Le gouvernement suisse a adopté, il y a quelques jours, un rapport qui conclut que le partage non autorisé de fichiers sur Internet ne constitue pas un problème significatif et que la législation helvétique actuelle est suffisante pour protéger les ayants-droits. Le rapport a été préparé à la demande du Conseil des États, la Chambre haute du parlement suisse, qui s’inquiétait des risques du téléchargement illégal pour la culture suisse. Mais les données et arguments rassemblés par le Département fédéral de justice et police (DFJP) et l’Institut fédéral de la propriété intellectuelle ont amené le Conseil fédéral à conclure qu’il n’en est rien. Sa décision : ne touchons à rien.
Par les temps qui courent, une telle décision a le mérite de tourner le dos à l’hystérie entretenue dans les grands pays occidentaux par les représentants de la plupart des grandes fédérations d’ayants-droits et de refuser de s’engager dans une surenchère liberticide. Elle reflète en partie le complexe de hérisson de la Suisse : « Ce sont surtout les grandes sociétés de production étrangères qui pâtissent de ces nouvelles habitudes de consommation et qui doivent s’y adapter », explique le communiqué de presse du DFJP, ajoutant que les transferts dans le budget divertissement montrent que « les craintes de voir cette évolution avoir un impact négatif sur la création culturelle suisse sont infondées ». Au lieu d’acheter des CD et des DVD, les Suisses s’offrent des billets de concert et de cinéma et des produits de merchandising, selon des enquêtes citées par le rapport.
« Jusqu’à un tiers des plus de 15 ans en Suisse téléchargent gratuitement de la musique, des films et des jeux », explique le DFJP, se fondant sur des enquêtes réalisées aux Pays-Bas, dont le profil démographique est similaire à celui de la Confédération. Il fait valoir que « la majorité des internautes ne sait pas quelles offres sont légales et lesquelles ne le sont pas, malgré les nombreux articles parus dans les médias et les campagnes d’information », un argument qui semble quelque peu spécieux.
Mais le Conseil fédéral argumente qu’une loi de type Hadopi serait incompatible avec la liberté d’expression et donnerait trop de pouvoir aux ayants-droits privés.
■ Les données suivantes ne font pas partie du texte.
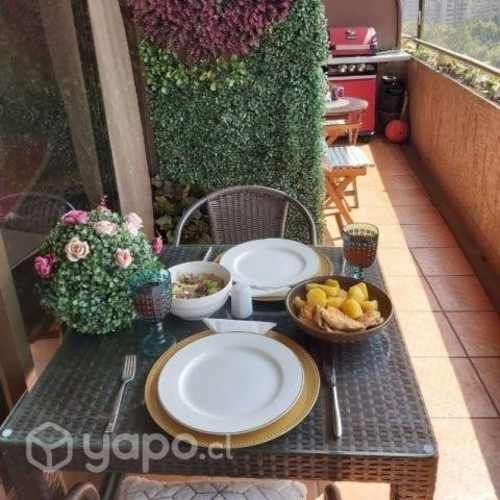 Mesa terraza, cubierta de vidrio 2 sillas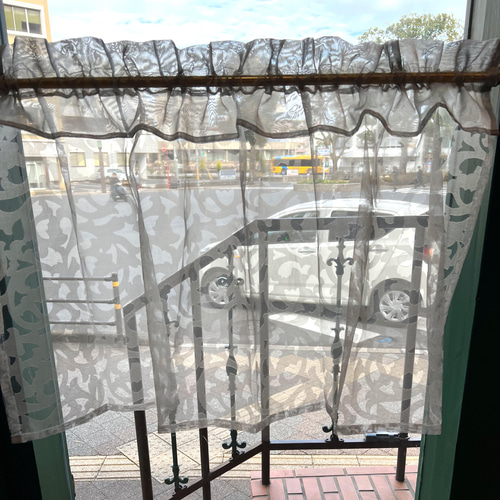 グレーの幾何学模様カフェカーテン カーテン LiSARA 通販 13345828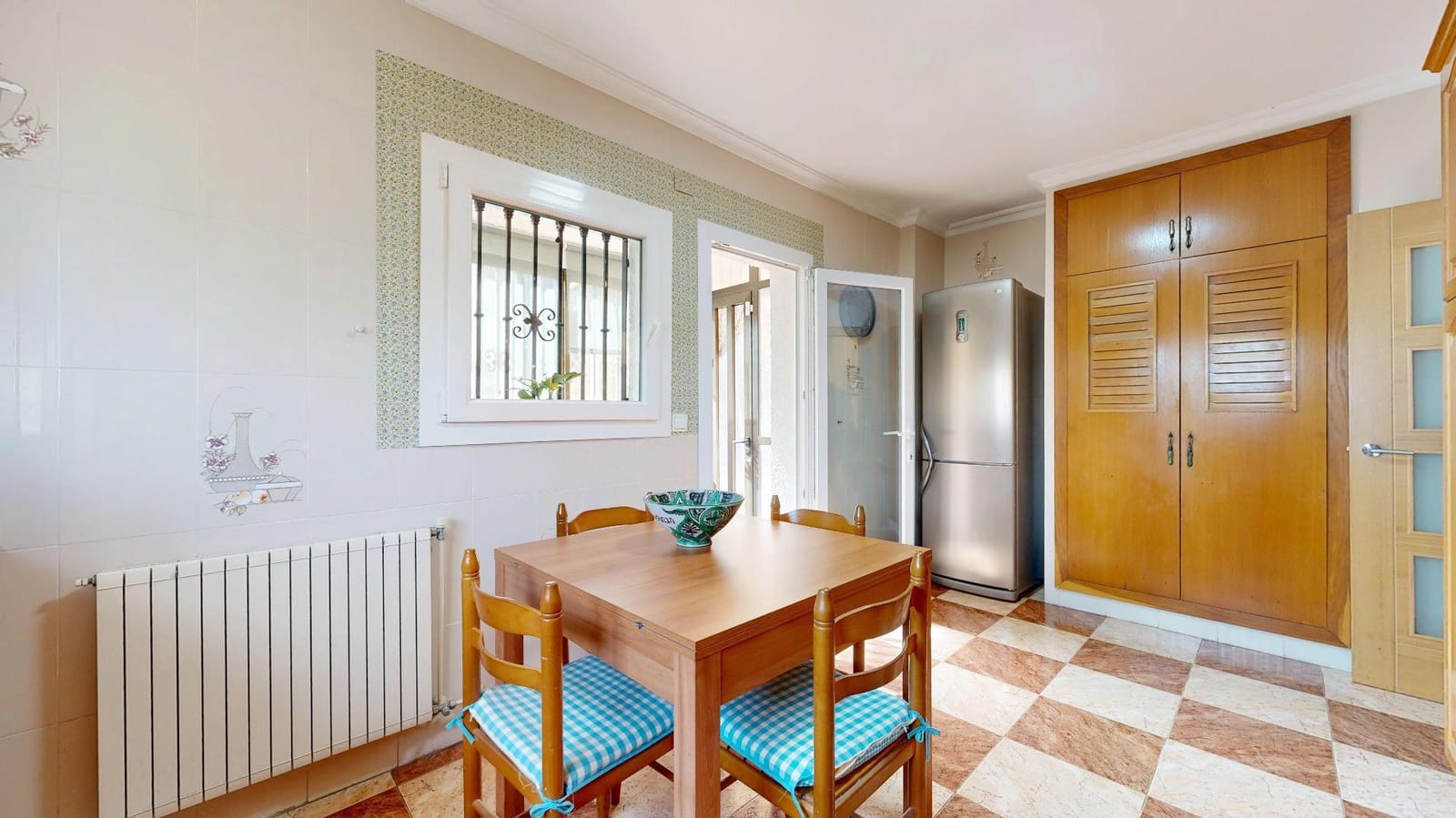 4 quarto Moradia para venda em Chiva com piscina - 420 000 € (Ref: 9345243)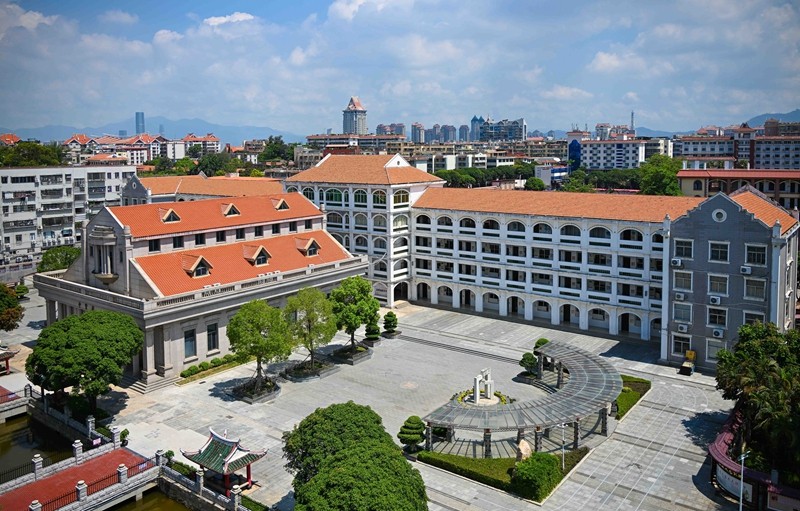 作为“厦门地区第一个共青团支部诞生地”，目前三立楼为集美小学教室。（林志杰摄影） (6 - 36).jpg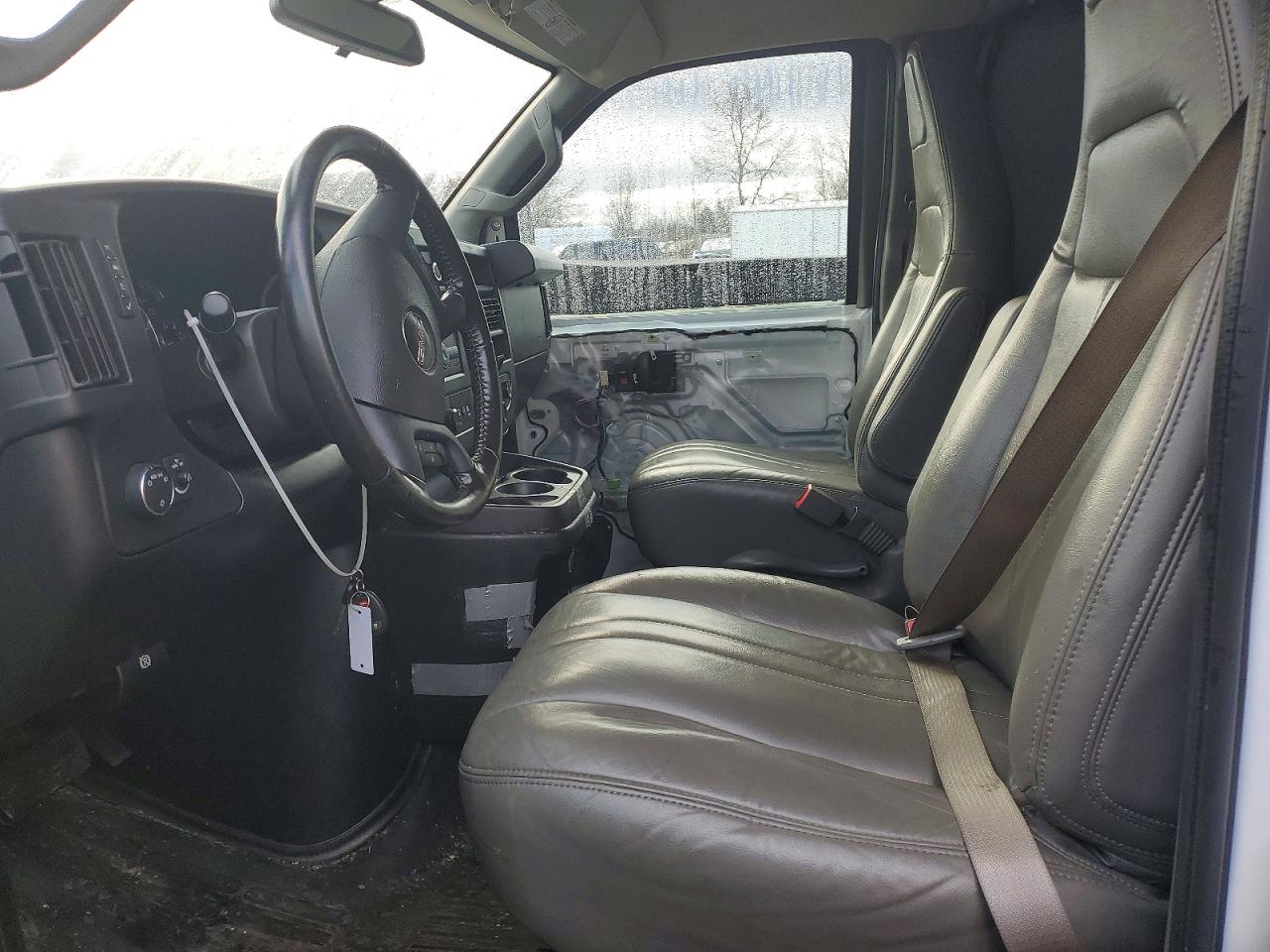 2022 GMC SAVANA G2500 DELIVERY VAN photo 7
Le filtrage du Net mettrait en péril la sphère privée individuelle et risquerait de détériorer ses performances. Quant à une licence universelle, qui légaliserait le partage illimité des fichiers en contrepartie d’une taxe levée auprès de tous les internautes, elle ne serait pas populaire comme le montre le sentiment à l’égard de la taxe sur les supports vierges, dont les consommateurs pensent qu’elle n’est que très partiellement reversée aux artistes. En outre, elle risquerait de mettre la Suisse en contradiction avec certains traités internationaux dont elle est signataire.
Les représentants suisses des ayants-droits n’ont pas apprécié et l’ont fait savoir, mais en termes mesurés. La Suisa, qui regroupe les auteurs et éditeurs de musique, a réclamé un plan d’action contre le piratage. Suisseculture, qui fédère les organisations d’auteurs et d’artistes et les sociétés de droits d’auteurs, a fait valoir que les artistes perdent des parts significatives de leurs revenus, mais a refusé une criminalisation des internautes ; l’organisation a préconisé une solution de type licence universelle.
De passage à Zurich, l’auteur de science-fiction et activiste du droit des internautes Cory Doctorow a présenté ses « sincères félicitations » au Tages Anzeiger qui l’interrogeait à ce sujet. Et de poursuivre : « Malheureusement, la Suisse est une exception sur ce point et dans notre lutte contre les prescriptions législatives comme le Stop Online Piracy Act (SOPA) aux États-Unis, le Digital Economy Act en Grande-Bretagne, Hadopi en France et la loi C-11 au Canada, il n’y va pas seulement de l’industrie du divertissement. Aujourd’hui, presque tout contient une composante Internet, à l’avenir tout en requerra une. Nous devons nous détacher du focus sur les intérêts de l’industrie du divertissement, car il y va ici de grands thèmes comme la sphère privée et la protection des données de tout un chacun. Ce n’est pas aux maisons de disques et aux studios de cinéma d’en décider ».